**Introduction**

In the past decades, intelligent transportation system (ITS) has brought advanced technology that enables a data-rich environment and unprecedented opportunities for traffic prediction, which is considered as one of the most prevalent issues facing ITS (Li et al., 2015). We discuss the online prediction of the origin-destination (OD) demand count in traffic networks, which represents the number of trips between certain combinations of an origin and a destination. The study of OD demand prediction based on count data has a growing impact on many traffic control and management policies (Ashok, 1996, Ashok and Ben-Akiva, 2002, Li, 2005, Hazelton, 2008, Shao et al., 2014). For example, dynamic OD demand prediction is critical in planning for the charging services of the electrical vehicles (EV; Zhang et al., 2017). A well-designed charging facility network is necessary to extend the vehicle range and popularize the use of EVs. In particular, the dynamic demand between nodes of the traffic network plays a key role in determining the availability of the charging facilities, planning the multi-period charging schedules, and meeting the customer needs at the maximum extent (Zhang et al., 2017, Brandstatter et al., 2017). The objective of this study is to appropriately model the stochastic OD traffic demand counts considering the spatiotemporal correlations between different routes and epochs, while incorporating physical knowledge of the traffic network in the estimation. The estimation results are expected to enhance the prediction accuracy and robustness of the online traffic demand prediction for future epochs.

**Model and method**

We investigate a multivariate Poisson log-normal model with a block-diagonal covariance matrix and incorporate domain knowledge of the traffic network features to account for spatial correlations. Let \(N_{\text{ijt}}\) denote the observed traffic demand (i.e., the count of vehicles) for route \(j\) on day \(i\), at epoch \(t\). Based on the natural characteristics of the demand counts, it is reasonable to model each observation \(N_{\text{ijt}}\) with a Poisson log-linear model (Perrakis et al., 2014, Xian et al. 2018) such that

\[N_{\text{ijt}}\sim\text{Poisson}\left( \lambda_{\text{ijt}} \right),u_{\text{ijt}} = \log\lambda_{\text{ijt}}.\]

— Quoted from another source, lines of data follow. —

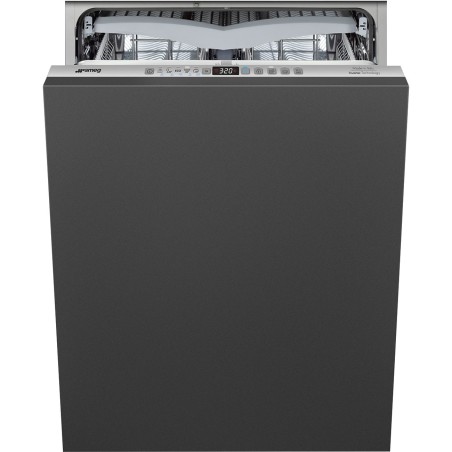 LAVAVAJILLAS SMEG STL332CH INTEGR.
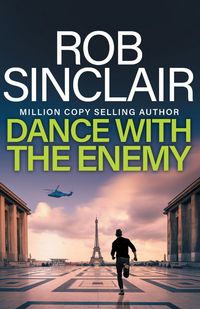 Produktbild: Dance with the Enemy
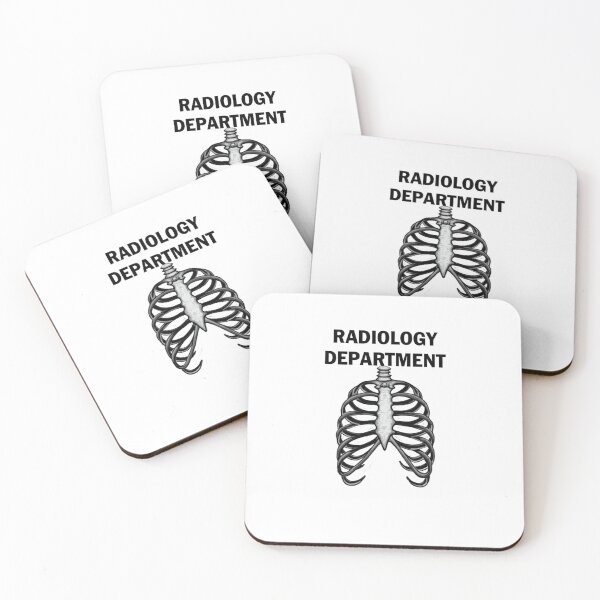 Item preview,  Radiology department designed and sold by medicalzone.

Here \(\lambda_{\text{ijt}}\) is the intensity of the Poisson process, and \(u_{\text{ijt}}\) is the log transformation of the intensity. To characterize the spatiotemporal correlations across different routes and time points, we model \(u_{\text{ijt}}\) as a mixed-effect Gaussian process based on \(K\) basis functions \(B_{k}(t)\) that

\[u_{\text{ijt}} = \mu_{\text{jt}} + \sum_{k = 1}^{K}{\gamma_{\text{jk}}B_{k}(t)} + Z_{\text{ijt}}.\] (1) |

Here \(\mathbf{\mu =}\left\lbrack \mu_{11},\mu_{12},\ \cdots,\ \mu_{\text{JT}} \right\rbrack\mathbf{'}\) is the fixed effect coefficient that models the common characteristics of the whole traffic network, and \(\mathbf{\gamma}_{k}\mathbf{=}\left\lbrack \gamma_{1k},\ \gamma_{2k},\ \cdots,\ \gamma_{\text{Jk}} \right\rbrack\) is the random effect coefficient with prior distribution \(\mathbf{\gamma}_{k}\sim N(0,\ \mathbf{R}_{\theta_{y}})\) that characterizes the uniqueness of different routes. Here \(\mathbf{R}_{\theta_{y}}\) is the correlation matrix which takes into consideration of the traffic network information, where \(\left\lbrack \mathbf{R}_{\theta_{y}} \right\rbrack_{j_{1},j_{2}} = \sigma_{j_{1},\ j_{2}}\exp\left\{ - \theta_{y}\left| \mathbf{y}_{j_{1}} - \mathbf{y}_{j_{2}} \right|^{2} \right\}\). In this expression, \(\mathbf{y}_{j}\) denotes the unique features of route \(j\), such as information about the origin and destination, the maximum speed limit on a route, and the travel distance. The term \(Z_{\text{ijt}}\) in model (1) is the random error that follows a Gaussian distribution which has the covariance structure

\[\text{cov}\left( Z_{ij_{1}t_{1}},Z_{ij_{2}t_{2}} \right) = \sigma_{j_{1},\ j_{2}}\exp\left\{ - \theta_{y}\left| \mathbf{y}_{j_{1}} - \mathbf{y}_{j_{2}} \right|^{2} \right\} \cdot \tau^{2}\exp\left\{ - \theta_{t}\left| t_{1} - t_{2} \right| \right\}.\] (2) |

Which depends on both the features of routes \(j_{1}\) and \(j_{2}\), and the time points \(t_{1}\) and \(t_{2}\), which we refer to as the spatial and temporal covariance structures, respectively.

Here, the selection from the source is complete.